When Is An Employee Exempt From The Overtime Provisions Of Federal Wage & Hour Law?

Employers and employees have many misperceptions regarding who may be covered by the overtime pay requirements of federal wage & hour law1. For example, an oft-cited misperception is that office workers are not covered (i.e. exempt from eligibility for overtime compensation), but that manual laborers are covered. In fact, sometimes office workers are exempt and sometimes they are not; and sometimes manual laborers are exempt and sometimes they are not, depending on the employee’s specific responsibilities.

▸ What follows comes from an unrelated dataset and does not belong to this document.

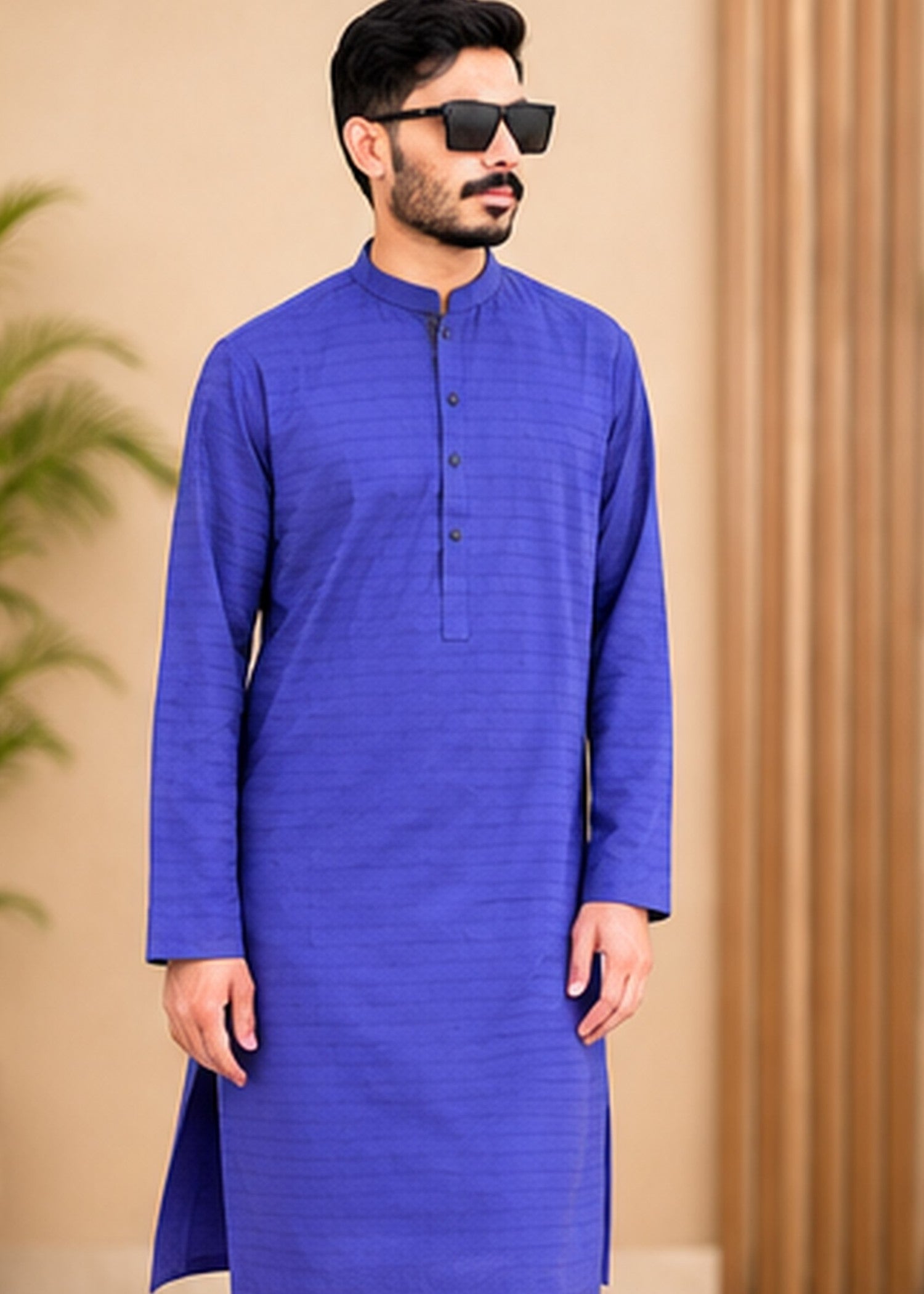 cotton jacquard Kurta in Blue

It is important for both employers and employees to have a firm grasp of these exemptions. Employers need to know who is exempt so that they don’t inadvertently run afoul of the law, triggering liability for not only unpaid overtime wages but also penalties and attorney’s fees associated with non-payment of overtime. Employees need to know whether they are exempt so that they may act to protect their rights if they are not exempt but are being paid as though they were.

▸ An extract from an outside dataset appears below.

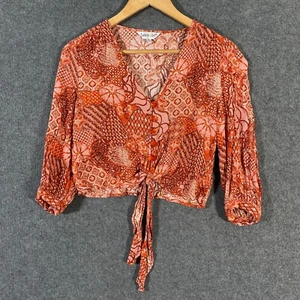Sunny Girl Shirt Womens 8 Red Orange Blouse Button Up Flowers Boho Ladies Z137 - Picture 1 of 12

This article will address four commonly misunderstood exemptions: administrative, executive, highly compensated employee and computer related work. (A handful of other exemptions exist that are not addressed in this article.) Although each requirement within an exemption must be satisfied for that exemption to apply, each of these exemptions stands alone. Thus, an employee only has to qualify for one of these exemptions in order to be exempt from eligibility for overtime compensation.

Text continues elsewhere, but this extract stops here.